=== What this task involves ===
Using the records below, give again exactly the lines from the line that contains "Lamina Pantalla Sony" through the line that contains "Brand Sunglasses-EZ452", both ends included, and only those.

=== Task data ===
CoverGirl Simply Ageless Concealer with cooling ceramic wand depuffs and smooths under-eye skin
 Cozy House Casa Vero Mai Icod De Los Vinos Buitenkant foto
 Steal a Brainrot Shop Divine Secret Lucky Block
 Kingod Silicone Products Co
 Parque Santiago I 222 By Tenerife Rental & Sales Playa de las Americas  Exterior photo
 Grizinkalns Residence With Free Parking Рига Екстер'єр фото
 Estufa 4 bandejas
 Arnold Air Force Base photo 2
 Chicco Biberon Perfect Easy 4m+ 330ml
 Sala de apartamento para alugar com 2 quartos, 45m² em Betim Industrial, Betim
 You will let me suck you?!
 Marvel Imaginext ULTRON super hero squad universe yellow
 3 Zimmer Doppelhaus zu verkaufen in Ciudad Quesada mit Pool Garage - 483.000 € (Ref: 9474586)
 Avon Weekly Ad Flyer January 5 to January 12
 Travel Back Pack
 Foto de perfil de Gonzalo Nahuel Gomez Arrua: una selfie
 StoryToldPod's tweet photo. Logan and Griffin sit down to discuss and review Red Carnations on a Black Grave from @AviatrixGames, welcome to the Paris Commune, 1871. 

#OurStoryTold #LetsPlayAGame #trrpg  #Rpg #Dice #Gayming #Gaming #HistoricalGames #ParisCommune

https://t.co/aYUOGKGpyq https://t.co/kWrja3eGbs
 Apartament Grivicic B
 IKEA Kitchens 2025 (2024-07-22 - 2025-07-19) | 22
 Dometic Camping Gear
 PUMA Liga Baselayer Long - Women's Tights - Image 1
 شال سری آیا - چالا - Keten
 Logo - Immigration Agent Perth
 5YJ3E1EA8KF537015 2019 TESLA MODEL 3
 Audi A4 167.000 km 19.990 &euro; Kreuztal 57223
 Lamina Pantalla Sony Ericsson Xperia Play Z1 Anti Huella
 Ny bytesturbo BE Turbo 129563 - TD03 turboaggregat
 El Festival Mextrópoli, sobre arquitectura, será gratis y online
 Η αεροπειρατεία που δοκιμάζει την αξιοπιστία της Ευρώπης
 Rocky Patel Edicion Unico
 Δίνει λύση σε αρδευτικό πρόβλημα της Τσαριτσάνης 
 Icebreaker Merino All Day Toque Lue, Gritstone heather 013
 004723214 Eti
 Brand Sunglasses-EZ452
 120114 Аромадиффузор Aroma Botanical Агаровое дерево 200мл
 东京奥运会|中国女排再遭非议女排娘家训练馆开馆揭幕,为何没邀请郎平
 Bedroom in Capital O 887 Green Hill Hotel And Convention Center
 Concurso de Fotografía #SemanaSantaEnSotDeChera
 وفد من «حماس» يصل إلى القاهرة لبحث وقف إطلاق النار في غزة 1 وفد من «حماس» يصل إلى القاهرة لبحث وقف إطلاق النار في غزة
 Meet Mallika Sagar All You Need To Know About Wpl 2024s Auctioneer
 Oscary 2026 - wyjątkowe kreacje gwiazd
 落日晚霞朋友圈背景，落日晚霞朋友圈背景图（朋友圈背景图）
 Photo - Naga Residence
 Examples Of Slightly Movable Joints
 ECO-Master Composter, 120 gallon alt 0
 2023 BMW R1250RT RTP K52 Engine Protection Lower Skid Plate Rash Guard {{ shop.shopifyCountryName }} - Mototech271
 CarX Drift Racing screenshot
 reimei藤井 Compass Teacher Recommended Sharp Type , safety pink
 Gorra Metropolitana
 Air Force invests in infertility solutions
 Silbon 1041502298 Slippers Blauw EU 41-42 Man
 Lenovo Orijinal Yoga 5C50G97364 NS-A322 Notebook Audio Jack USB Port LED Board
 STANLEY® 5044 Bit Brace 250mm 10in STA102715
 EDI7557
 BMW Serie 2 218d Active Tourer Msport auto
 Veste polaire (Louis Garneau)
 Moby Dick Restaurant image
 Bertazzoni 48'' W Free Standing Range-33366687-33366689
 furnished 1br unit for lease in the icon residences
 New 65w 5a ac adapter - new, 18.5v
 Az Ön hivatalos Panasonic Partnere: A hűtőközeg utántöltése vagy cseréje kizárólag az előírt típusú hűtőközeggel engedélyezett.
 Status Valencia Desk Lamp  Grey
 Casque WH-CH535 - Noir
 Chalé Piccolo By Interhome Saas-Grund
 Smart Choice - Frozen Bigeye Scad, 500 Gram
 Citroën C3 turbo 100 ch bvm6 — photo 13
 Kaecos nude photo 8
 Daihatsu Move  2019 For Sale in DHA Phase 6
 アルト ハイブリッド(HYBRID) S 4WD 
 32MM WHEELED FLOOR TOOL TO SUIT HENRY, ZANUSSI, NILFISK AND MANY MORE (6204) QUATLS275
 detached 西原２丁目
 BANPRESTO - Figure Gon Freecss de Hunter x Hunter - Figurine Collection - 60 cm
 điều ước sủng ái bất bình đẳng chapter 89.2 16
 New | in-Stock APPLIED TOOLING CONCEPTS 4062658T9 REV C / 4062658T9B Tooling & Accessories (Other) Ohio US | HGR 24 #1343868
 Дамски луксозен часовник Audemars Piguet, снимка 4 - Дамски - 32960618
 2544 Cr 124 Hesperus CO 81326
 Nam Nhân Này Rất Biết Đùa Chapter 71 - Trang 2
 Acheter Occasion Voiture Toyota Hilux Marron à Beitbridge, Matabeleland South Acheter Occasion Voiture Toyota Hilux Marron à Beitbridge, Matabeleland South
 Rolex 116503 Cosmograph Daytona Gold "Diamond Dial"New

=== Answer ===
 Lamina Pantalla Sony Ericsson Xperia Play Z1 Anti Huella
 Ny bytesturbo BE Turbo 129563 - TD03 turboaggregat
 El Festival Mextrópoli, sobre arquitectura, será gratis y online
 Η αεροπειρατεία που δοκιμάζει την αξιοπιστία της Ευρώπης
 Rocky Patel Edicion Unico
 Δίνει λύση σε αρδευτικό πρόβλημα της Τσαριτσάνης 
 Icebreaker Merino All Day Toque Lue, Gritstone heather 013
 004723214 Eti
 Brand Sunglasses-EZ452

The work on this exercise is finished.